Caption-style text data

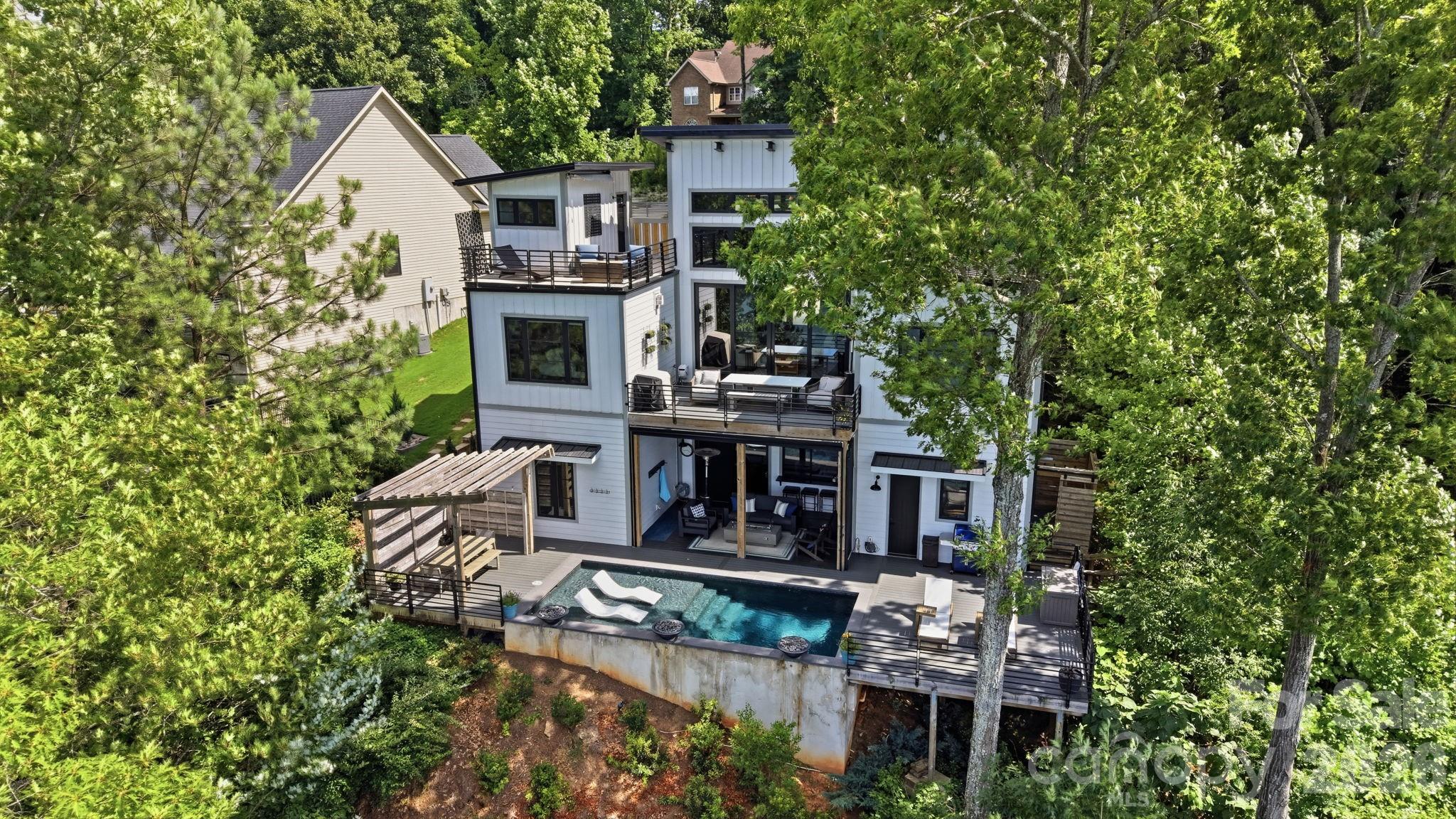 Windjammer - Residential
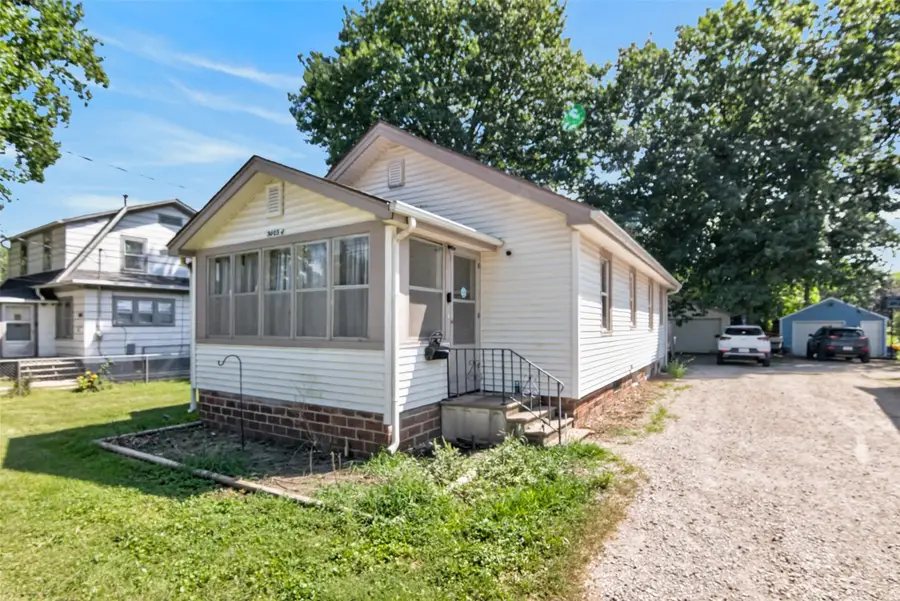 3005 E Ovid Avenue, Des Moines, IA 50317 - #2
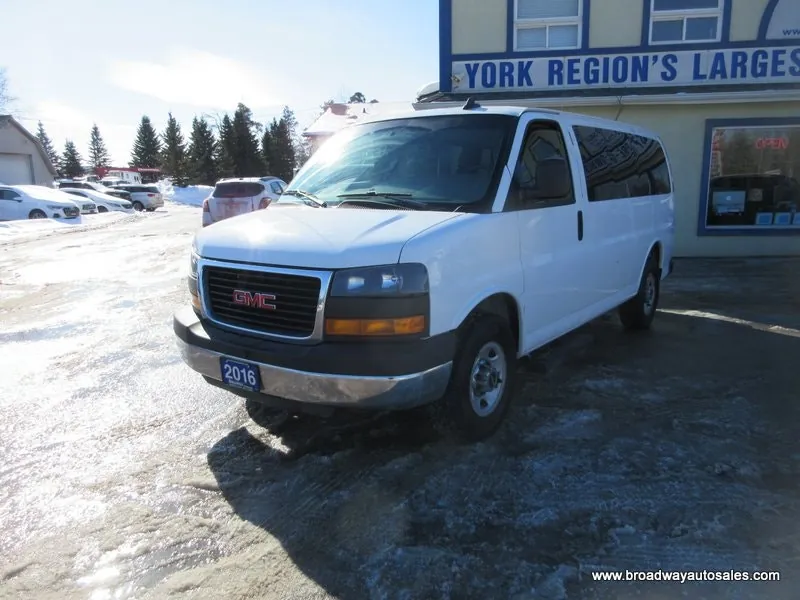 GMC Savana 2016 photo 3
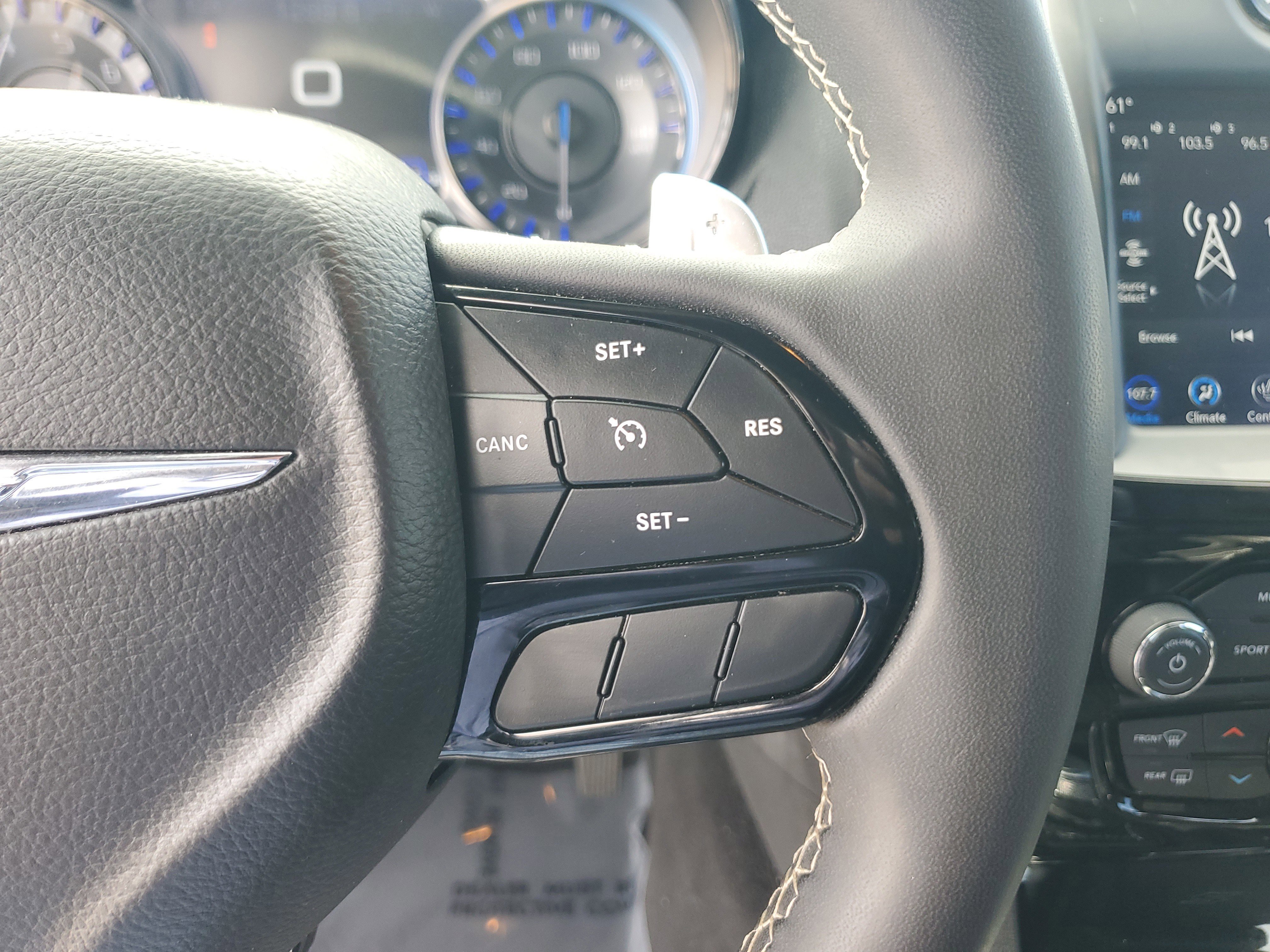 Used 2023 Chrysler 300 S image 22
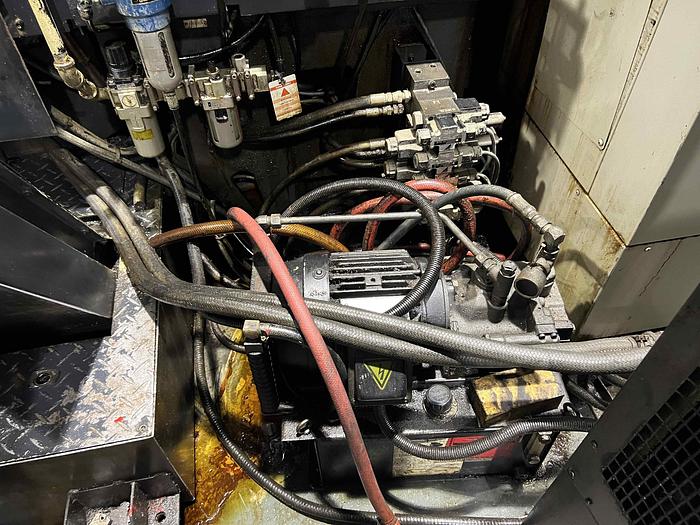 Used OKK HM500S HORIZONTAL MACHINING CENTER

§ **TASK STATEMENT**: Pictures aren't part of the copy; return each record above exactly.

§ **OUTPUT FOR THIS EXERCISE**:
 Windjammer - Residential
 3005 E Ovid Avenue, Des Moines, IA 50317 - #2
 GMC Savana 2016 photo 3
 Used 2023 Chrysler 300 S image 22
 Used OKK HM500S HORIZONTAL MACHINING CENTER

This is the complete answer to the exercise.